Kevin Hogan: Yeah. It’s one of those things. When you talk about access and talk about digital equity and we’ve spoken about it for years, and it’s part of… I know Khan Academy’s mission in terms of getting content that’s available to anybody and everybody. But it always seemed that we’d go to EdTech conferences, or you listen to Ted Talks, and it was always kind of a conceptual sort of thing like, “How do we solve the digital equity gap?” Again, March 13th, you had tech directors solving the digital equity gap by getting into their cars and driving hotspots to kids in their houses, right? Like real concrete things seem to begin to take place. Again, with AT&T’s efforts. I know Khan Academy has responded with a lot of extra programs. Let’s talk about the spring a little bit. Sal, did you see when we kind of moved from concept to reality in terms of trying to address students that didn’t have access? Or even the ones who did, but we’re still in sort of in a bad spot? Any surprises along the way?
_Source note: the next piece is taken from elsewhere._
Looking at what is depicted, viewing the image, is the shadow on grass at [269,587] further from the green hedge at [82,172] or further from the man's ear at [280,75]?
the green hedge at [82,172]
Sal Khan: Yeah. Well, some of the things weren’t so surprising. The lack of digital access became a major issue. I think the country’s actually done a decent job in the school system, physically in the school buildings but then the at-home access… I know Anne and her colleagues at AT&T have done an incredible work trying to get it to students, and supporting organizations like ours. It’s been an invaluable in terms of being able to just frankly, stay up and running during this time.

Kevin Hogan: Sure.

Sal Khan: I think the one surprise for me was that in many cases even when there were these heroic efforts to get the access, some of these large school districts distributed hundreds of thousands of laptops, worked with the local telecom carriers to get either low… actually free during the spring, internet access. There were still 10 percent, 20 percent of kids that weren’t engaged. That’s been a little bit of a question. I actually talked earlier today to the assistant superintendent at Detroit Public Schools. I was just trying to get into her head about… or what she’s understanding about why these kids aren’t able to engage? It turns out there’s a lot of dimensions there but that made it even starker in my mind, how important it is to be able to support those kids.

I would say on the other side, on the positive side, it’s been stressful for everybody. But we’ve actually heard stories of school administrators saying, “You know what? These kids in some cases, certain kids are actually able to do a little bit better in this environment.” They’re able to take on a little of independence. A lot of teachers have been able to adapt. It’s been uncomfortable and hard, but they’ve been able to move faster than I think anyone expected. A lot of parents are more engaged than ever as well.

Kevn Hogan: Yeah. Anne any thoughts about that?

Anne Wintroub: No, absolutely. I would echo all that Sal said. Just from AT&T what Sal mentioned, these young people who are disconnected from schools. According to a study that Bellwether Partners… I’m sure you both and many of your listeners have seen it… came out with recently, there are as many as three million kids in the U.S. who have been just disconnected from school since March. Right? We think of the homework gap, you’re all doing everything we can to address that. That’s not a gap, that is a canyon.